> **MATERIALS PROVIDED**
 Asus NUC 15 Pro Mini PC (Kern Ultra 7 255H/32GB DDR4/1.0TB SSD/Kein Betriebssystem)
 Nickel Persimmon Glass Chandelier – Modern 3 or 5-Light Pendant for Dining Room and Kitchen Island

--

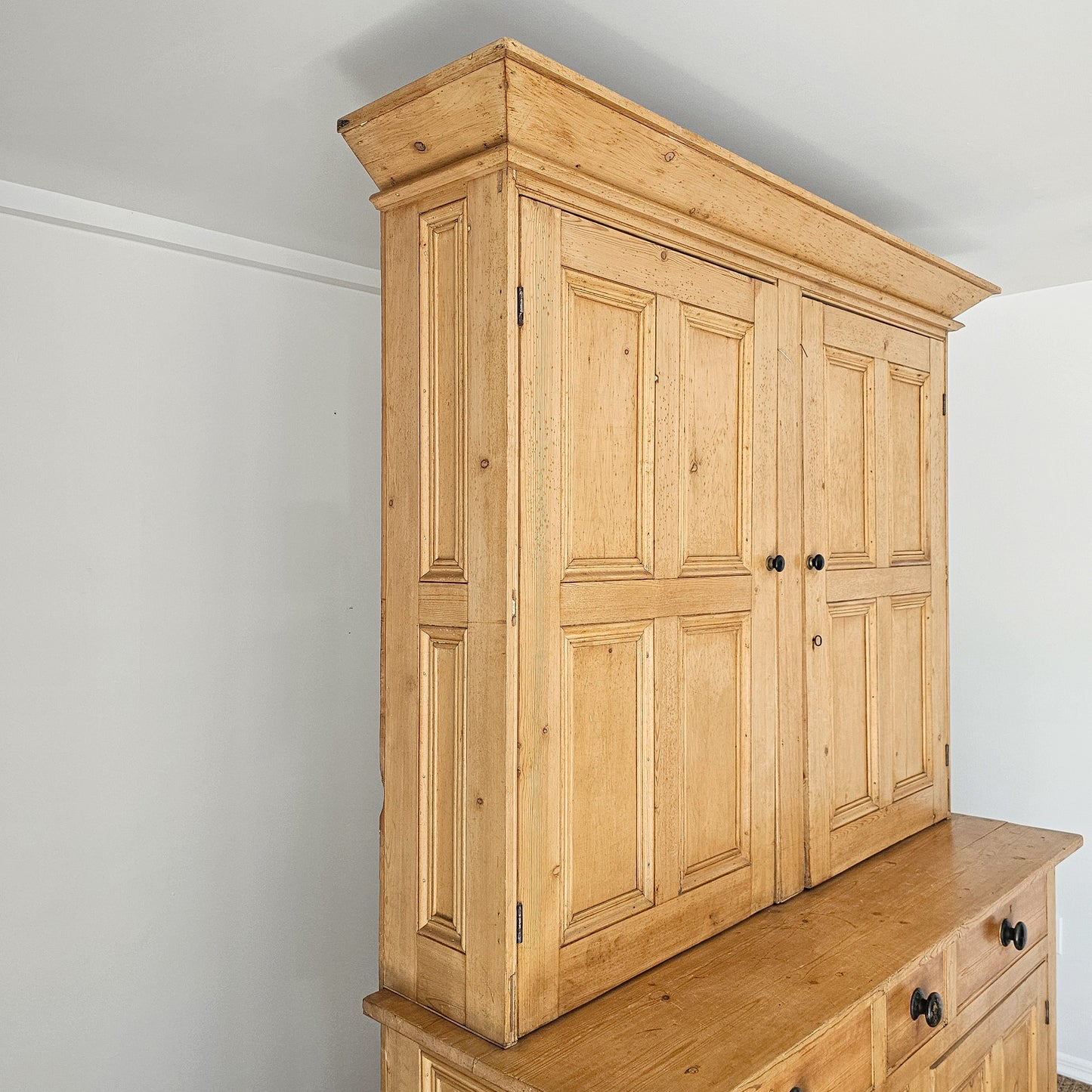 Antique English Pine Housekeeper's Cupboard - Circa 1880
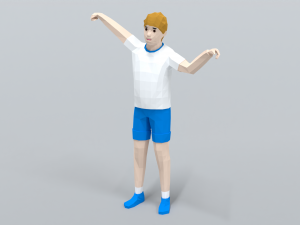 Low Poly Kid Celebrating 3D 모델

> **TASK**
Go to the line with "Asus NUC 15" in the entries above and repeat every line from there through the line with "Nickel Persimmon Glass", exactly and with no other text.

> **ANSWER SECTION**
 Asus NUC 15 Pro Mini PC (Kern Ultra 7 255H/32GB DDR4/1.0TB SSD/Kein Betriebssystem)
 Nickel Persimmon Glass Chandelier – Modern 3 or 5-Light Pendant for Dining Room and Kitchen Island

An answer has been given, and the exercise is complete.